As Tesla Inc. is all set to enter the S&P 500 on Monday, as market analysts predicted, the company’s shares soared to a record high on Friday on a frantic trading day. Shares swung late in the session between gains and losses before surging in price and volume towards the end of trading. Finally, the shares finished up 6 percent at a high $695 as the markets closed for the day.
The electric-car manufacturer would be by far the biggest corporation to enter the S&P, the most widely followed stock index by market value ever.
Over the last year, electric vehicle manufacturer shares have risen by almost 700 percent, a meteoric increase that has punished short-sellers and transformed it into the most highly regarded automaker in the world. Since inclusion was revealed in November, the inventory has risen 70 percent.
Tesla’s stock surge in California has put its market cap at around $660 billion, making it the sixth most valuable U.S. publicly traded firms, with many investors seeing it as wildly overvalued.
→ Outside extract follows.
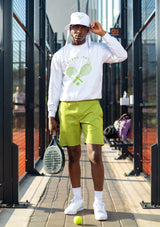Men's White & Lime Tennis Sweater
With $18 billion worth of its shares exchanged on average in each session over the past 12 months, Tesla is by far the most traded stock by volume on Wall Street, comfortably beating Apple, second with a daily average turnover of $14 billion.
According to the Bloomberg Billionaires Index, the rise in the Tesla share price pushed the net worth of the company’s chief executive, Elon Musk, up almost $9 billion to $167.3 billion.
This year the 49-year-old entrepreneur has added $139.7 billion, an amount that exceeds the overall net worth of everyone on the planet other than Jeff Bezos, founder of Amazon.com Inc. Bezos, for now with 187.3 billion dollars, tops the income index. Musk and other insiders own about a quarter of Tesla’s shares.
In several electric-vehicle pioneers who have seen their fortunes leap this year, Musk is the most popular, spurring a raft of new entrants. At least fifteen electric vehicle companies have been publicly listed or announced in 2020.
As Tesla is a “volatile stock, some strategists expect the inclusion of Tesla to ripple through the S&P 500 itself.”
However other groups feel that the inclusion of Tesla is unlikely to intensify gyrations in the wider index. Had the stock been included in the S&P 500 over the year, the implied volatility on the benchmark index would have risen by just a small amount.
Actively managed funds that measure their performance against the S&P 500, many of which have so far avoided investing in one of the most divisive stocks on Wall Street, would also be forced to decide whether to buy Tesla.